The cops arrest Jayarama, who pleads for a chance to find the killer. When Jayarama is forced by the cops to accept the blame by attempting to torture his girlfriend Revathi during the interrogation, he angrily fights back and escapes with Revathi. Jayarama tries to hide Nandini from Vasu with the aid of his friend Inspector Gowri. Jayarama reveals to Gowri that Nandini is actually Vasu's daughter, whom the madman is about to kill. Jayarama, Nandini and Gowri hide in the convent under the Mother Superior's supervision. Vasu arrives at the convent and knocks out Gowri. After hearing Vasu's ringtone by calling him, Jayarama shoots him and reveals the truth about Nandini's origin to a dying Vasu. In the end, Jayarama, Revathi and Nandini begin a new life together as a loving family.

== Production ==
In November 2016, Priyadarshan confirmed that a Kannada remake of his Malayalam directorial venture Oppam would star Shiva Rajkumar.
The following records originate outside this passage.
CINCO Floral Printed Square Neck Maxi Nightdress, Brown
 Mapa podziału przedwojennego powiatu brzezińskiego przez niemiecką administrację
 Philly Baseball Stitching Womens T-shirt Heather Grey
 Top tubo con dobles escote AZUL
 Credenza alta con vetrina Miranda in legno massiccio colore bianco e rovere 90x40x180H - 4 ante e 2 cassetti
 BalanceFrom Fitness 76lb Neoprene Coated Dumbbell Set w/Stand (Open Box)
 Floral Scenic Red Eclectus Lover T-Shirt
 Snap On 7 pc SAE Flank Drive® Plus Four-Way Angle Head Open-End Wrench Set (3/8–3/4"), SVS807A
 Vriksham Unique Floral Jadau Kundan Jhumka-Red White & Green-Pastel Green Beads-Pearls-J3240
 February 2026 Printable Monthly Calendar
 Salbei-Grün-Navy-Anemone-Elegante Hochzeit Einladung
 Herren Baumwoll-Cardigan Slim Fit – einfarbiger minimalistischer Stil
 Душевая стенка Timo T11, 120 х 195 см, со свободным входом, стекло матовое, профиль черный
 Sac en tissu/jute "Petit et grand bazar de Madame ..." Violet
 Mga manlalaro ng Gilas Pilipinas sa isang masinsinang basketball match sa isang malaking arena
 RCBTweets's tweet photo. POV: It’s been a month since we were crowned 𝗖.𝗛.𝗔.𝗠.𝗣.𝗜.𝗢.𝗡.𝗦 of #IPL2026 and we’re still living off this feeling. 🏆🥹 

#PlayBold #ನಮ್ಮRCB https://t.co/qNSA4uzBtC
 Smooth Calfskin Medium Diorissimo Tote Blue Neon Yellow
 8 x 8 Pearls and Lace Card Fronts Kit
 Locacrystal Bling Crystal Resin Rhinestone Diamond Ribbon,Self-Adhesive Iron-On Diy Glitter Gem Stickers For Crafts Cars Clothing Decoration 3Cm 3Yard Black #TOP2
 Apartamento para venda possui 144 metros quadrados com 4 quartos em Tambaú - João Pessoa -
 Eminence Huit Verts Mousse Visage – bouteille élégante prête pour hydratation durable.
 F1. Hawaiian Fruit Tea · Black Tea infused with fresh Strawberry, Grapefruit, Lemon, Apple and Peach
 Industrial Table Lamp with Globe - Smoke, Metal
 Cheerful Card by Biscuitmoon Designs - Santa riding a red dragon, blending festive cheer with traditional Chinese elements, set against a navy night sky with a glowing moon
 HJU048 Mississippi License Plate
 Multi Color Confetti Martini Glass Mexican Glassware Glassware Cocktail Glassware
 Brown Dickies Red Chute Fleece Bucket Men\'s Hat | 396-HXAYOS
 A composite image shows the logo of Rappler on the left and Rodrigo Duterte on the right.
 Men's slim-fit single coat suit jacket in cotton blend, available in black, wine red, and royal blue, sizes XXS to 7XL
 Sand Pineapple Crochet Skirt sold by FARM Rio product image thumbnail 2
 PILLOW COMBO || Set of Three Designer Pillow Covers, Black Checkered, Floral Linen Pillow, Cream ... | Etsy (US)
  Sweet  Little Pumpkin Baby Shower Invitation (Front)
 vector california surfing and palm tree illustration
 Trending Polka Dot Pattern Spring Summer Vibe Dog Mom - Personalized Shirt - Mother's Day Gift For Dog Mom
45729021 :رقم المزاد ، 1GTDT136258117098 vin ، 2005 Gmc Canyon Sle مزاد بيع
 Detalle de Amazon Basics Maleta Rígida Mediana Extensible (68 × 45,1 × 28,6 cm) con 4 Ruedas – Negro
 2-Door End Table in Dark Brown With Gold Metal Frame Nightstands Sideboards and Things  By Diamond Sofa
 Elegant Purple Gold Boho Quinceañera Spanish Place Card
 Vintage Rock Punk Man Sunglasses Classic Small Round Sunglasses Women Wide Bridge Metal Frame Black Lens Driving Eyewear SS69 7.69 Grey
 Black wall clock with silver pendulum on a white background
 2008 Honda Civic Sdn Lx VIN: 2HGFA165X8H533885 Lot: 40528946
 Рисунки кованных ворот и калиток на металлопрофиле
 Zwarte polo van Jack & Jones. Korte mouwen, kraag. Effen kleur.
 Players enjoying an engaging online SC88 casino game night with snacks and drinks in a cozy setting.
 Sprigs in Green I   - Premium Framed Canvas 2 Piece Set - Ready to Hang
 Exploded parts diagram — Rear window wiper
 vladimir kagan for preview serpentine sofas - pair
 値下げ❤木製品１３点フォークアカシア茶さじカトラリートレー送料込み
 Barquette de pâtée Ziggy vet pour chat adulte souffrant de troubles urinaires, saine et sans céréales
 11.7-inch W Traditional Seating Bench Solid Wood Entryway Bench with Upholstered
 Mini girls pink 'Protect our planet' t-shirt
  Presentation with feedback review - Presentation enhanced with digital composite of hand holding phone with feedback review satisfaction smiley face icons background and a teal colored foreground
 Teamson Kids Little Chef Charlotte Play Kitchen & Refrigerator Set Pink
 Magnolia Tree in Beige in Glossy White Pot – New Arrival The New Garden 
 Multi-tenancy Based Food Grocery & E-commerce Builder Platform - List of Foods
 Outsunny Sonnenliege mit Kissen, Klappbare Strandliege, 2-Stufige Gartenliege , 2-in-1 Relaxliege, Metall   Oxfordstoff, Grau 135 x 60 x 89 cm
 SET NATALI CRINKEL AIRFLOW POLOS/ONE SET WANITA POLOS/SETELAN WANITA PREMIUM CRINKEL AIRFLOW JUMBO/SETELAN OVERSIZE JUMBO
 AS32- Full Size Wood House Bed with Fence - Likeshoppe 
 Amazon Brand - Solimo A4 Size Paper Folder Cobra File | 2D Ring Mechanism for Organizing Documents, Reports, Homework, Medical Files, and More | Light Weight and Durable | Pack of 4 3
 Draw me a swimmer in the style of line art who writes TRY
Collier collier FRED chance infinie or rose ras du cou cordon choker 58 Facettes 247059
The remake, titled Kavacha, is produced by M. V. V. Satyanarayana and A. Sampath under Hayagriva Movie Adishtana, and marks the directorial debut of G. V. R. Vasu. He also worked as screenwriter, working on the screenplay for more than seven months, rewriting it substantially to suit the interests of Kannada-speaking audiences, that included giving more emphasis to the action elements. Baby Meenakshi was chosen to reprise her role from the original. Principal photography began on 23 November 2017, and ended in early August 2018. Shooting took place in Mysore, Ooty, and Bangalore. Rahul Shrivastav was the cinematographer.

== Soundtrack ==
The soundtrack was composed by Arjun Janya and 4 Musics. Janya composed all songs except "Rekkeya", which 4 Musics composed; that song has two versions, a duet and a solo. The film features a remix of the song "Hosa Belaku Moodutidde" from Hosa Belaku (1982), but that does not appear on the soundtrack.

Track listing
| No. | Title | Lyrics | Music | Singer(s) | Length |
|---|---|---|---|---|---|
| 1. | "Kanneera" | K. Kalyan | Arjun Janya | Vyasraj | 4:35 |
| 2. | "Yaaro Nee" | K. Kalyan | Arjun Janya | Vyasraj | 3:32 |
| 3. | "Rekkeya" (duet) | V. Nagendra Prasad | 4 Musics | S. P. Balasubrahmanyam, Sreya Jayadeep | 5:09 |
| 4. | "Rekkeya" (solo) | V. Nagendra Prasad | 4 Musics | Sreya Jayadeep | 4:43 |
| Total length: |  |  |  |  | 17:59 |

== Release ==
Kavacha was released worldwide on 5 April 2019. It was originally scheduled for released on 7 December 2018, but was postponed due to "technical issues" with the sound mixing.

== Critical response ==
Shyamprasad S of Bangalore Mirror said "Shiva Rajkumar as a blind man delivers a stunning performance" and "Kavacha will remain as one [of] Shiva Rajkumar's best films". Sunayana Surresh of The Times of India called it an emotional tale of revenge that has its moments, especially laudable for the nail-biting climax with both Shivarajkumar and Vasishta N Simha on top of their game. A Sharadhaa of New Indian Express said that in spite of being a remake, what makes Kavacha stands out on its own is the performance by Shivarajkumar – an obvious sign that he has risen to the stature of a realistic actor. Aravind Shwetha of The News Minute noted that a lot of minor characters from the original have been eliminated for good making it a decent thriller with an exceptional performance by Shivanna.